Modi, a lifelong member of the RSS, has been transparent in announcing his
sympathies. He has called for a national ban on conversions, a national ban on
beef, total opposition for scheduled
caste rights for Dalit Christians and Muslims. And he too has hedged in saying he will punish the spewing of hate and
coercion.
A civil
society report “300 Days –Documenting Sangh Hate and Communal Violence Under
the Narendra Modi Regime” lists 168 targeting Christians. Desecration and
destruction of churches, assault on pastors, illegal police detention of church
workers, and denial of Constitutional rights of Freedom of Faith aggravate
the coercion and terror unleashed in
campaigns of Ghar Wapsi and cries of Love Jihad.
An analysis
shows Chhattisgarh topping the list with 28 incidents of crime, followed
closely by neighbouring Madhya Pradesh with 26, Uttar Pradesh with 18 and Telengana, a newly carved out of Andhra Pradesh, with 15 incidents. Of the deaths in communally targeted
violence, two were killed in Orissa and
Telengana, 8 in Gujarat, 12 in
Maharashtra, 6 in Karnataka and 25 in Uttar Pradesh. Apart from these, 108
people were killed in Assam in attacks by Bodo militant groups. The violence
peaked between August and October with 56 cases, before zooming up to 25 cases
during the Christmas season, including
the burning of the Catholic church of St Sebastian in Dilshad garden in
the national capital of New Delhi.
Much of the
violence, 54 percent, is of threats,
intimidation, coercion, often with the police looking on. Physical violence
constituted a quarter of all cases, 24 per cent], and violence against
Christian women, a trend that is increasingly being seen since the carnage in
Kandhamal, Odisha, in 2007 and 2008, was
11 per cent. Breaking of statues and the Cross and other acts of
desecration were recorded in about 8 per
cent of the cases, but many more were also consequent to other forms of
violence against institutions.
A
disturbing trend is the rising communal
violence in West Bengal where the BJP
and the RSS have redoubled their efforts to fill what they see is a political
vacancy following the decline of the Communist Party of India Marxist and the
Congress party in recent times. The violence has peaked in the gang rape of a
72 year old Nun in a convent and school
in West Bengal. The official apparatus is now busy trying to prove to the world
that it is just another crime, committed by foreigners or professional
criminals.
There are
fears at a severe whittling down of the 15 Point Programme for Minorities, a
lifeline for many severely economic backward communities, and specially their
youth seeking higher education and professional training.
Mr.
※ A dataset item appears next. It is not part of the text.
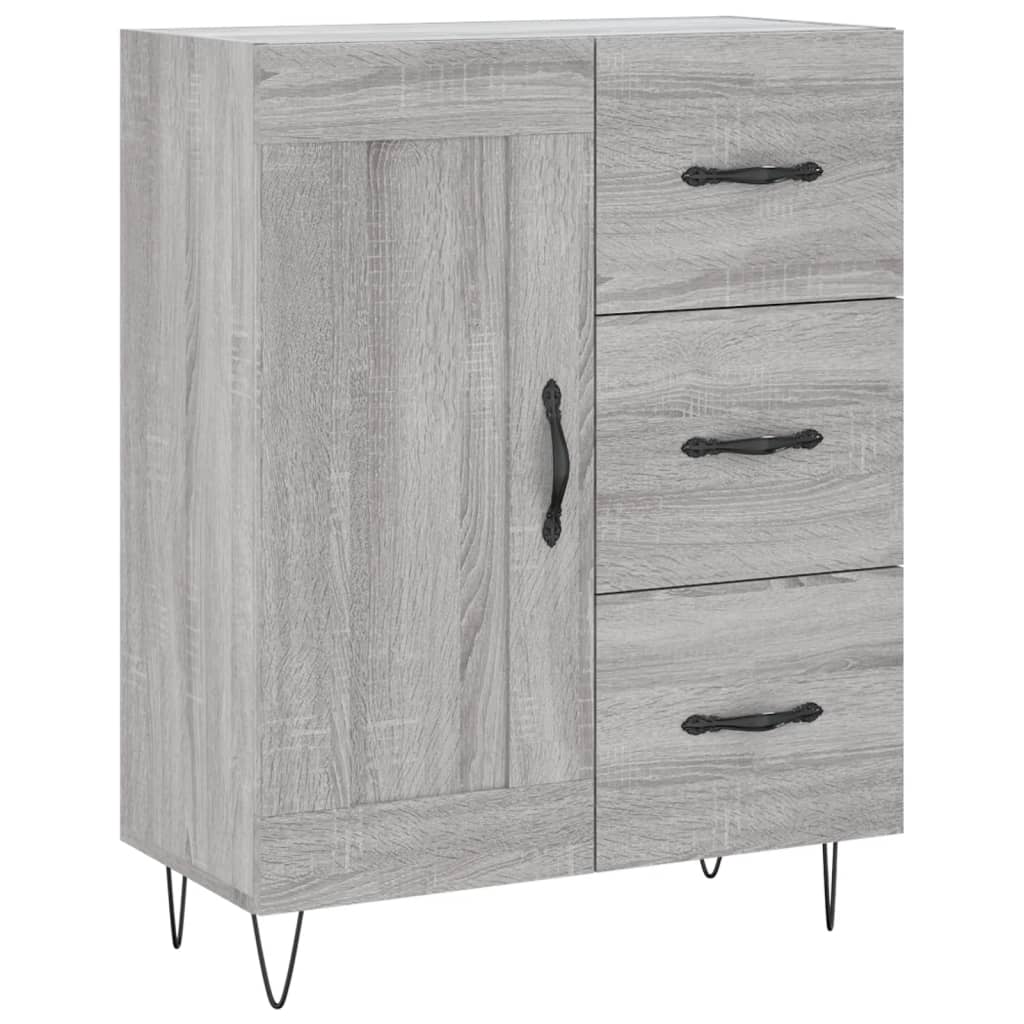Highboard Grey Sonoma 69,5x34x180 cm Engineered Wood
Modi’s
“assurance” to religious minorities is challenged and countered by Mr. Mohan
Bhagwat, the head of the powerful Rashtriya Swayamsewak Sangh, who asserts,
repeatedly, that every Indian is a Hindu, and minorities will have to learn
their place in the country. Speaking at the 50th Anniversary of foundation of its religious wing,
Vishwa Hindu Parishad, Mr. Mohan Bhagwat, the RSS Sarsanghchalak bluntly stated
that “Hindutva is the identity of India and it has the capacity to swallow
other identities. We just need to restore those capacities.” In
Cuttack, he asserted that India is a Hindu state and "citizens of
Hindustan should be known as Hindus".
Sadhvi Prachi, a central minister, Members of Parliament Sakshi Maharaj
and Adityanath are among those urging measures to check Muslims, including
encouraging Hindu women to have from four to ten children each. In Madhya
Pradesh, Chhattisgarh, Rajasthan and other states, the terror, physical
violence and social ostracising of Dalit and Tribal Christians, in particular,
continues.
But
India was not meant to be, and cannot
be, a homogenised nation-state, the sort of “one nation, one people, one
culture” that the Sangh parivar speaks about.
A common allegiance to the Constitution and its guarantees of religious
and cultural freedom is the basic ingredient for lasting peace, and therefore
an environment in which all communities can prosper.